INCHING CLOSER TO AGREEMENT ON EVALUATIONS FOR TEACHERS
In the long-simmering debate over how to judge the quality of New York State school employees, there is one thing all sides agree on: a system should be in place. The sticking point has been agreeing about how to do it. There is the fight between New York City and its teachers’ union over the parameters of an evaluation system that must be put in place in 33 struggling schools. And there is the fight waged in court by the state teachers’ union, which sued the Board of Regents last year over its interpretation of a law on teacher evaluations. The article is in The New York Times.
HOW WOULD YOU CHANGE TEACHER PREP?
In this month’s Teaching Ahead roundtable on the Education Week website, teacher panelists respond to the following questions: Looking back, what do you wish you'd learned or experienced during your preservice preparation?
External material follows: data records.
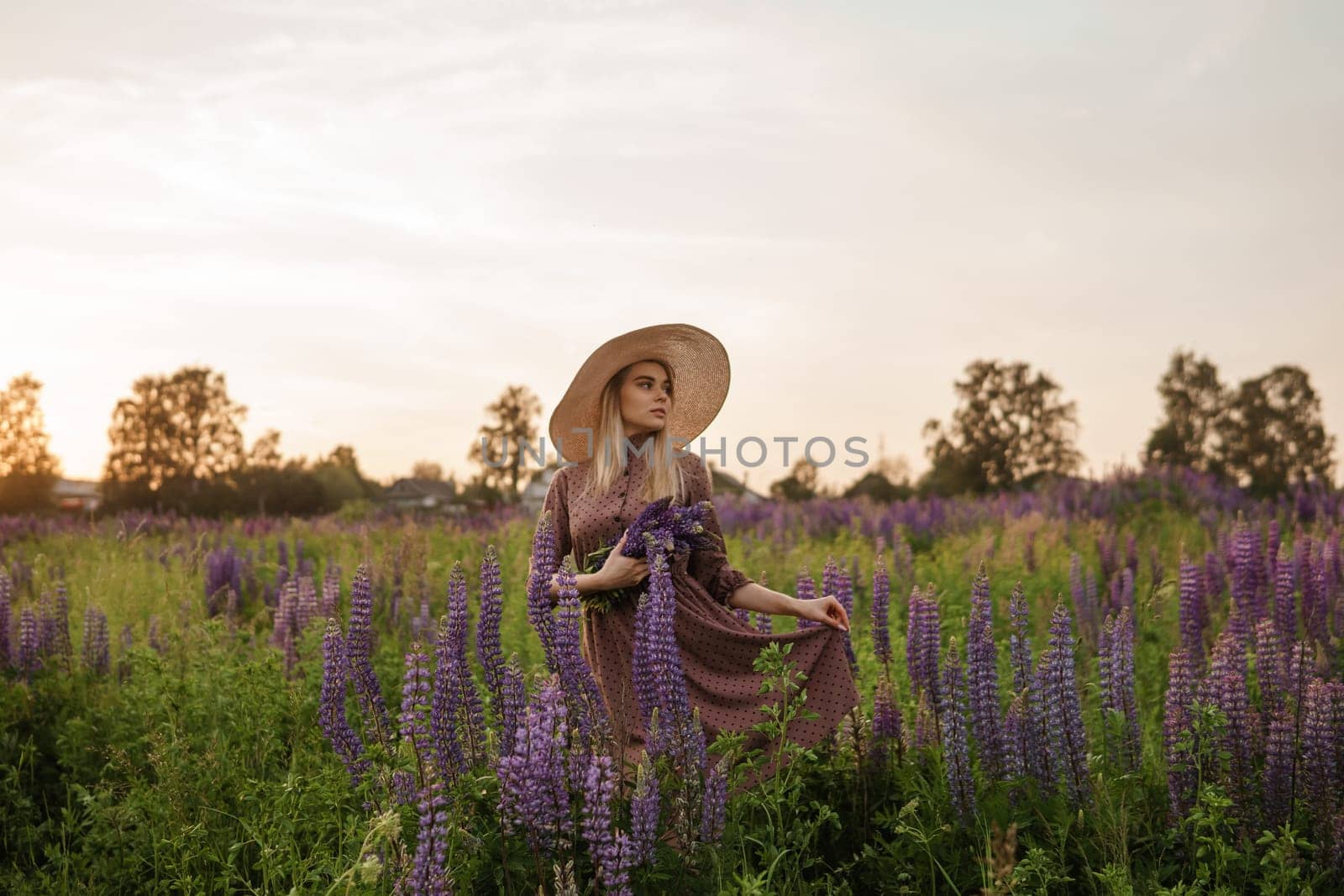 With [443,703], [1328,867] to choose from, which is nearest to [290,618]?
[443,703]

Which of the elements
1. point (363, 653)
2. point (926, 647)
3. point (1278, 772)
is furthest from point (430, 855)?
point (1278, 772)

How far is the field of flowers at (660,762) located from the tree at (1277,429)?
34.2 m

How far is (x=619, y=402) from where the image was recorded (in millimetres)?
4945

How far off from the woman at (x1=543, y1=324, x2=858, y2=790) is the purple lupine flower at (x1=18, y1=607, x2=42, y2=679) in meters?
4.61

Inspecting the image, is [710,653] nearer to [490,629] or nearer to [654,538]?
[654,538]

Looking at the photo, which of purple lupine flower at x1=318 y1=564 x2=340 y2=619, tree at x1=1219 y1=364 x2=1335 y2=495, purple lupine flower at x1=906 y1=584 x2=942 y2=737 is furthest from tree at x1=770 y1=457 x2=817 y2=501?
tree at x1=1219 y1=364 x2=1335 y2=495

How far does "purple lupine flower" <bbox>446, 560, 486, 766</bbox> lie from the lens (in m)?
3.55

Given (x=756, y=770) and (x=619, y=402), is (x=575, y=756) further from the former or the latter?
(x=619, y=402)

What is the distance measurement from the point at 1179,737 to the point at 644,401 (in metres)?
2.69

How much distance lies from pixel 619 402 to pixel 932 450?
47.5 metres

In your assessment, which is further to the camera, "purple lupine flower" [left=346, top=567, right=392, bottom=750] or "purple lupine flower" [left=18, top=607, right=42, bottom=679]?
"purple lupine flower" [left=18, top=607, right=42, bottom=679]

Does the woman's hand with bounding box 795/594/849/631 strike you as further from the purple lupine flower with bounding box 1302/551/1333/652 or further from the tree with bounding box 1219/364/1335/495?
the tree with bounding box 1219/364/1335/495

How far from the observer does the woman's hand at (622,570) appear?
13.7ft

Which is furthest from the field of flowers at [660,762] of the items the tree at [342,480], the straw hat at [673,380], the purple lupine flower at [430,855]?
the tree at [342,480]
In what areas do you think teachers tend to have deficits when they first take on classrooms of their own? What aspects of your teacher preparation have you found particularly helpful in your own teaching practice? In your opinion, how will teacher prep programs need to change over the next few decades to meet evolving student and school needs?
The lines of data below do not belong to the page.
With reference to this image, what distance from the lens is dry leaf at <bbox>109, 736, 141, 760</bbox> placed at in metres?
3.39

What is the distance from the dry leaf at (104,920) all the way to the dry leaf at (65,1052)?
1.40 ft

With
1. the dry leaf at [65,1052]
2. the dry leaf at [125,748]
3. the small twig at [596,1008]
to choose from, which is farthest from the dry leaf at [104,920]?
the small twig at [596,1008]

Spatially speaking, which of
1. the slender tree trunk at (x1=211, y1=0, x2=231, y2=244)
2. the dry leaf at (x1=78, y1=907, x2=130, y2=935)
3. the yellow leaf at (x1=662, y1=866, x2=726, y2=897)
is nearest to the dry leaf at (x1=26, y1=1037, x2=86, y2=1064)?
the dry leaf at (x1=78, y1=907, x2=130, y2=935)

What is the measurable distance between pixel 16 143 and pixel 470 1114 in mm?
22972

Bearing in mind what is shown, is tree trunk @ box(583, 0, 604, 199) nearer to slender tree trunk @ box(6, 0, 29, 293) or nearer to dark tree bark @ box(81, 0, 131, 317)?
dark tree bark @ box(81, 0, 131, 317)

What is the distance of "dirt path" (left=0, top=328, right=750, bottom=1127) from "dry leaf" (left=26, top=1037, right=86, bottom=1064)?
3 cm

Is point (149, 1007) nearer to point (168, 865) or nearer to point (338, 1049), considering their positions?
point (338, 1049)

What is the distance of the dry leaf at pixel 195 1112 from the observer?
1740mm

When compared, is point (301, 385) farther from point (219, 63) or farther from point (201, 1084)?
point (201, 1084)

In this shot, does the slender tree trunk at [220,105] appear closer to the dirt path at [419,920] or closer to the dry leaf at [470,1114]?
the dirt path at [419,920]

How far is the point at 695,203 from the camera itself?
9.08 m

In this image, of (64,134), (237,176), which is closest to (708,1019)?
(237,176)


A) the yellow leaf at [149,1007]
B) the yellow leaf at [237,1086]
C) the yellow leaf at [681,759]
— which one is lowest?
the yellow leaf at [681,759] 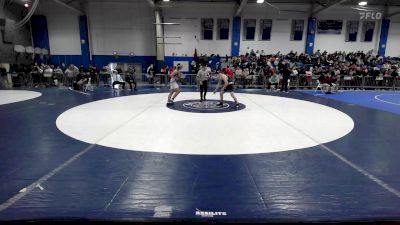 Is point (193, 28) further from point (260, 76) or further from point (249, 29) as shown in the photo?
point (260, 76)

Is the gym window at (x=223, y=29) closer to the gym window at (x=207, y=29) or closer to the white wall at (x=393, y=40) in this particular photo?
the gym window at (x=207, y=29)

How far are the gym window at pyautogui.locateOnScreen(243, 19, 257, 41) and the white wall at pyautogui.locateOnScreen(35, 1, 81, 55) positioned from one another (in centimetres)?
1475

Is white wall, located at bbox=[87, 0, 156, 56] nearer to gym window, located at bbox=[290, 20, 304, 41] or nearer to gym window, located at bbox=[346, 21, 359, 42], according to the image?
gym window, located at bbox=[290, 20, 304, 41]

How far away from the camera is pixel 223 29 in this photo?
884 inches

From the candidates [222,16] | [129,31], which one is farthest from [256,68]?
[129,31]

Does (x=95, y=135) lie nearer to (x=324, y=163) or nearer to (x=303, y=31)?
(x=324, y=163)

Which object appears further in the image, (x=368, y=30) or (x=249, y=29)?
(x=368, y=30)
GOV. JERRY BROWN CALLS FOR LESS TESTING
California’s Jerry Brown, who has gone further than any other governor in blasting modern test-based school reform, said Wednesday that he wants to reduce the number of standardized tests students take, give more authority to local school boards and design a system to measure education performance that is less test-centric than the one now in use. Brown, in his State of the State 2012 address Wednesday, expanded on sentiments he expressed last October in a message explaining that he was vetoing an education bill because it relied too heavily on standardized tests for high-stakes accountability purposes. The article is in The Washington Post’s The Answer Sheet blog.
ABOUT HIGHER ED
ILLINOIS COMMUNITY COLLEGES MUST IMPROVE
With four out of five students in Illinois community colleges failing to get a degree on time, Lt. Gov. Sheila Simon is calling for better math education in high schools and tying colleges' funding to student success rates. In a report to be released Thursday, Simon argues Illinois isn't getting enough out of its community colleges. Instead of degrees or valuable job training, too many students end up with little besides debt. The article is in the Chicago Tribune.
APPLE'S IBOOKS UPDATE, NEW APPS POWER TEXTBOOK REINVENTION
At its New York event today, Apple's Phil Schiller just revealed that the tech giant has big plans to reinvent the educational textbook market and the technology that underpins their use in lessons. The article is in Fast Company.